Tuesday, October 28, 2008

Galatians Paper

St. Paul’s Epistle to the Galatians is one of his best works and reminds modern day Christians of the freedom that is found in Christ Jesus. Over time many theologians have written commentaries to expound upon the good news of the gospel in this work but no two men have ever grasped the concepts in St. Paul’s Epistle better than St. Augustine and Rev. Dr. Martin Luther. The timeless works of these men are still teaching, rebuking, correcting and training in righteousness, believers in the twenty-first century. There are differences and similarities in how each man approaches their interpretation. For instance St. Augustine interprets the work, as he did with his book “Confessions,” through Plotinus’ Neo-Platonic view and Luther interprets the work through his doctrine of Law and Gospel. Differences aside, both men agree that the core of the message St. Paul conveys is the echo of Christ’s teaching in John 8:36, Jesus sets you free.
St. Paul’s Epistle to the Galatians serves both as a rebuke and a reminder to the churches he started in Asia Minor. The people of Galatia were young in their Christian walk and had not yet gained the gift of discernment that comes through experience. Paul had delivered the good news of the gospel of Christ to them, but his message was now being perverted by the Jewish Christian converts from Jerusalem. The free gift of salvation that Christ Jesus gives to God’s elect was intended for both Gentile and Jew.
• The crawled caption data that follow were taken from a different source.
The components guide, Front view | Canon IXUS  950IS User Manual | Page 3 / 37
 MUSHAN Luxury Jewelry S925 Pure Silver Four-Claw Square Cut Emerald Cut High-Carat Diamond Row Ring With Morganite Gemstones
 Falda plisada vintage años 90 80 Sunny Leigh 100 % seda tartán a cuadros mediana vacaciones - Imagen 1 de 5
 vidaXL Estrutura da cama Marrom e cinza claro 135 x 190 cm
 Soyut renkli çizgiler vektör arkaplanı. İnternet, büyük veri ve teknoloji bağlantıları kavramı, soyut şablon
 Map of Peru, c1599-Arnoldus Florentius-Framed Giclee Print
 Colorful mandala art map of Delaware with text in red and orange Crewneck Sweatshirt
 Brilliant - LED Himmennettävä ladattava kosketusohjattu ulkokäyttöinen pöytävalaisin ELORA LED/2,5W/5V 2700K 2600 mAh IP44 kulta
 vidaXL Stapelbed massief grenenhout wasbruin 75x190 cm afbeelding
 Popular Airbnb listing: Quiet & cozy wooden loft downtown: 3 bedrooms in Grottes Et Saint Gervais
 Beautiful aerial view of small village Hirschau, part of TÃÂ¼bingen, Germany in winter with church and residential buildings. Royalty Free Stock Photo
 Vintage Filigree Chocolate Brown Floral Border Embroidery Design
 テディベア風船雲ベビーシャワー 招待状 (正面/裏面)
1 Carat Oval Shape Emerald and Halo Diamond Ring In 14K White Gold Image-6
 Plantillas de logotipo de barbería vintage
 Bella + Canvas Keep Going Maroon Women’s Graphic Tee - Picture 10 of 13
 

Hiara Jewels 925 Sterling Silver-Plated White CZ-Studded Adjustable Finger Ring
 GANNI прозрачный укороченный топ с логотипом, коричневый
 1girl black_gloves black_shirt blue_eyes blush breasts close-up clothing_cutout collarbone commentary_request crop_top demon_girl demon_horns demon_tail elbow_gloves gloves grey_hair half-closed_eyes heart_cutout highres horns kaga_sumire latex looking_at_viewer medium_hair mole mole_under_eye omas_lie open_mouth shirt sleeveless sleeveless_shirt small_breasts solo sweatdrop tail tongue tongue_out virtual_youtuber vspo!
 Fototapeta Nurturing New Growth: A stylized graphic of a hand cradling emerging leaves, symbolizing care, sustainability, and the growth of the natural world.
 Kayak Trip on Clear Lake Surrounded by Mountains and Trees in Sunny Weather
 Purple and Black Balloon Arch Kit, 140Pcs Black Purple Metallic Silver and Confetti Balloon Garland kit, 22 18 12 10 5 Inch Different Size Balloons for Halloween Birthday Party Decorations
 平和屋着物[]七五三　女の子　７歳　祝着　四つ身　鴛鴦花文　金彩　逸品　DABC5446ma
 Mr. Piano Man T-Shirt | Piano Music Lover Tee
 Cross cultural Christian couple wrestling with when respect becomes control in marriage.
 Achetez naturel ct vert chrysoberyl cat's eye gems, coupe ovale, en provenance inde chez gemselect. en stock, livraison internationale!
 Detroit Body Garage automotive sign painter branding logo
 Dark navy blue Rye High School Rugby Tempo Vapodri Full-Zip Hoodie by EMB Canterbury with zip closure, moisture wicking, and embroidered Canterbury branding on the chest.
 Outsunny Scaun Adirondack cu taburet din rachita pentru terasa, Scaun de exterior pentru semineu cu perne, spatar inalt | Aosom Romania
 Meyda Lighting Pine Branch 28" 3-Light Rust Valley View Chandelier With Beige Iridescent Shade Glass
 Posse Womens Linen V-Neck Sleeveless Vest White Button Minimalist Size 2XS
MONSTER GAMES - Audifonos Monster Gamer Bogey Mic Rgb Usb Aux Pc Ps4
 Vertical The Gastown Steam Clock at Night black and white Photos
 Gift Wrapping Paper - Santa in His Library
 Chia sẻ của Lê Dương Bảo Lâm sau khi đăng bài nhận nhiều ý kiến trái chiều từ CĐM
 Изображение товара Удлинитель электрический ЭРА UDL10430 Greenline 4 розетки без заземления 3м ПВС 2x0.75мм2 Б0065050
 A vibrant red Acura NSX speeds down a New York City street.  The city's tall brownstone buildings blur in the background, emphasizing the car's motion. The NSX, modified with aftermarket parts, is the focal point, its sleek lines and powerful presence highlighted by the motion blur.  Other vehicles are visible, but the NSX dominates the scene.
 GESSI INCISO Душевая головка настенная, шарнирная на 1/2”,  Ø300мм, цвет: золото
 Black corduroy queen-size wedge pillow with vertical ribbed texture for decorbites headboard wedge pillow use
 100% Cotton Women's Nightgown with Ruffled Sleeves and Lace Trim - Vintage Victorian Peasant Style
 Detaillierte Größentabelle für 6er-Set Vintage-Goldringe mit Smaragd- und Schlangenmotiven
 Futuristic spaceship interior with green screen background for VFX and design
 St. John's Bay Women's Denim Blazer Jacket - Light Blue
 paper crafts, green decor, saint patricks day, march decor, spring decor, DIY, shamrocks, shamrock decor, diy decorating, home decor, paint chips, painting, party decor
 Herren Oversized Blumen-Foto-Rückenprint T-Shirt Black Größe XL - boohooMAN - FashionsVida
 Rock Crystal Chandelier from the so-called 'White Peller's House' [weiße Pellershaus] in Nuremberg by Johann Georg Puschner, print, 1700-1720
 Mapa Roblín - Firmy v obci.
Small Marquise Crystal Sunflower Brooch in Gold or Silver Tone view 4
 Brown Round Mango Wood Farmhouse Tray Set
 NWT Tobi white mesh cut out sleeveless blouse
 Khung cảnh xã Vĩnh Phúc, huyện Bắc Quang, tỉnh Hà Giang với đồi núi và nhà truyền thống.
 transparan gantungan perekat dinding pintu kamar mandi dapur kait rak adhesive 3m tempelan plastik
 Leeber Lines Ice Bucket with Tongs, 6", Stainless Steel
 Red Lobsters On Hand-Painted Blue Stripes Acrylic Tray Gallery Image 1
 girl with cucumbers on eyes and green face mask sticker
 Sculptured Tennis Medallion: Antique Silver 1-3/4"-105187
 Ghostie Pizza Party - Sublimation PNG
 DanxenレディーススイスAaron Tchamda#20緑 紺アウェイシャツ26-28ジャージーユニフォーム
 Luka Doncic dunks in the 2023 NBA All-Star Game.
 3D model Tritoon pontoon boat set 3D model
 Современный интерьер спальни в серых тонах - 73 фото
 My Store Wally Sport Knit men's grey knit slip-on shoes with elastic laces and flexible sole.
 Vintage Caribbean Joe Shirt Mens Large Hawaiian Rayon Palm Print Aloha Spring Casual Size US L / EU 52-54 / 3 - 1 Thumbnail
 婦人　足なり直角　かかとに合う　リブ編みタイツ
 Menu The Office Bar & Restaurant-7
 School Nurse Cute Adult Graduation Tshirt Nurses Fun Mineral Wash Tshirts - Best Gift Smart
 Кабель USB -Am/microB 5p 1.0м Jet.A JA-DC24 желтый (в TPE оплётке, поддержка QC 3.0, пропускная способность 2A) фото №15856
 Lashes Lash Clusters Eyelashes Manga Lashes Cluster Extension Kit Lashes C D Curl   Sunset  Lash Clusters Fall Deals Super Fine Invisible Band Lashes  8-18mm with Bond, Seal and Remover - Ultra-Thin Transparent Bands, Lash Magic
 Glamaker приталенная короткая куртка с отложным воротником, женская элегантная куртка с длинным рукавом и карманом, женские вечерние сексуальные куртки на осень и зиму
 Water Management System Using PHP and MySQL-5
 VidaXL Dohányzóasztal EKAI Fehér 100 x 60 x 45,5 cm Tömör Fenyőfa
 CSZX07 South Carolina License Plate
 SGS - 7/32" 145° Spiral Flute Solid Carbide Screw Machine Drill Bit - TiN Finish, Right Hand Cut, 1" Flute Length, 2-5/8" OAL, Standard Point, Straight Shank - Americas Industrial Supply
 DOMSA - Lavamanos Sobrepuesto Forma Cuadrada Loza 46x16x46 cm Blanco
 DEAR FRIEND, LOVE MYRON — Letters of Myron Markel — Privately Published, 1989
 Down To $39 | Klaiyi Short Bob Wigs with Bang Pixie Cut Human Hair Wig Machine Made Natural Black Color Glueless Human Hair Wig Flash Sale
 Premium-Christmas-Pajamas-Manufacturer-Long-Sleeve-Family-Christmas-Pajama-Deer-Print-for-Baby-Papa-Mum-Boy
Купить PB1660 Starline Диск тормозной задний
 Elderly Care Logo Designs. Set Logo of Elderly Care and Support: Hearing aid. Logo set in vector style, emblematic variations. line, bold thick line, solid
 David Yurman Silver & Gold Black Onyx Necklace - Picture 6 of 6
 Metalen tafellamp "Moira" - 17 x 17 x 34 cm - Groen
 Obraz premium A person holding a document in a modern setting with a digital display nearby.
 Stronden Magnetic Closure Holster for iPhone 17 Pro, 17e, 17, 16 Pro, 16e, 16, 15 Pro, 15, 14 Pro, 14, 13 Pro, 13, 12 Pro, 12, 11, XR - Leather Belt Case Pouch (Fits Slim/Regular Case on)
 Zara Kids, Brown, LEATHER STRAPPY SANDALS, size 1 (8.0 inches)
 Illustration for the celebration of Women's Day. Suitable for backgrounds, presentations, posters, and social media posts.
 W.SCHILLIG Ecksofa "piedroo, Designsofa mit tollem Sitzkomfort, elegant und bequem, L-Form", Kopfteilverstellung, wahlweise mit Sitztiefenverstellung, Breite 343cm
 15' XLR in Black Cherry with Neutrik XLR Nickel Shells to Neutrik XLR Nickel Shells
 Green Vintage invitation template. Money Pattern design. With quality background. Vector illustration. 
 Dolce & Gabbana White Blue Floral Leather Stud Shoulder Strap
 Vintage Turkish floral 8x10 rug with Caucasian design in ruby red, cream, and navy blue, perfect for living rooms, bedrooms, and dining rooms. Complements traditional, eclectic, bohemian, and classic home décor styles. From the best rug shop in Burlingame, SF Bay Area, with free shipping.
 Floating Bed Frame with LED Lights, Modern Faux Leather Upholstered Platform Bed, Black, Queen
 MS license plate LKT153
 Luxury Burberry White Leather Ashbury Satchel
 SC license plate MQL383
The Jewish converts didn’t yet grasp the freedom of a Christian. They felt that they were still bound to the law and were convinced that the Gentiles must therefore be bound to it as well. They took this belief to the churches of Galatia and were teaching circumcision to the Gentiles.
Paul was astonished that the people of Galatia had so quickly abandoned his teaching of freedom in Christ Jesus and proceeded to rebuke them. To prevent any future perversions Paul states, “But even if we or an angel from heaven should proclaim to you a gospel contrary to what we proclaimed to you, let that one be accursed.” (Gal 1:8) He continued to explain to them that if they partake in circumcision, they are then bound to obey the whole law and that Christ is of no use to them. For if they could gain their righteousness through the law then Christ died for nothing. Furthermore, the law came to Moses 430 years after God had reckoned onto Abraham righteousness for his faith. Therefore the righteous live by faith not by the law.
After the rebuke section of his Epistle, Paul begins to remind them that they had received faith through the power of the Holy Spirit when he preached and reiterated the importance of Christ’s sacrifice. He continued to assure them that anyone who belongs to Christ must have their flesh crucified and now live life by the Spirit because life by the flesh is subject to the law and can only bring death and despair. But life by the Spirit sets you free from the law. Paul then encourages them to live like good Christians. According to the Apostle, a good Christian lives in joy, love, peace, patience, kindness, generosity, faithfulness, gentleness, and self-control.
In the preface of his work “Commentary on the Letter to the Galatians,” St. Augustine observers:
“The reason the Apostle writes to the Galatians is so they may understand what it is that God’s grace accomplishes for them: they are no longer under the law.” (Augustine’s Commentary on Galatians p.125)
He further explains that the grace of the gospel that was preached to them by the Apostle had been abandoned. They had returned to the burdens of the law. Augustine recognizes that this line of thinking came from an influence outside their church.
The people of Jewish influence were claiming that, to be a Christian, you must both receive grace and be subject to the law. They were creating doubt in the minds of the church of Galicia in regard to the authority of St. Paul. Because of this, St. Paul reaffirms his authority.
“For I want you to know, brothers and sisters, that the gospel that was proclaimed by me is not of human origin; for I did not receive it from a human source, nor was I taught it, but I received it through a revelation of Jesus Christ.” (Gal 1:11-12)
By stating that his gospel had a divine, not a human, origin St. Paul claims that the authority of his gospel is infallible, in contrast to a human origin which is corrupt and self seeking.
In addition Augustine recognizes a theme of Christian correction in St. Paul’s Epistle: the correction of the Galatians, the correction of St. Peter, and the “how to” example explained in Gal. 6:1. The entire letter serves as a correction of the Galatians.
St. Paul observes St. Peter eating apart from the gentiles when a group of Jewish converts come to visit:
“When Peter came to Antioch, I opposed him to his face, because he was clearly in the wrong. Before certain men came from James, he used to eat with the Gentiles. But when they arrived, he began to draw back and separate himself from the Gentiles because he was afraid of those who belonged to the circumcision group. The other Jews joined him in his hypocrisy, so that by their hypocrisy even Barnabas was led astray.” (Gal. 2:11-13)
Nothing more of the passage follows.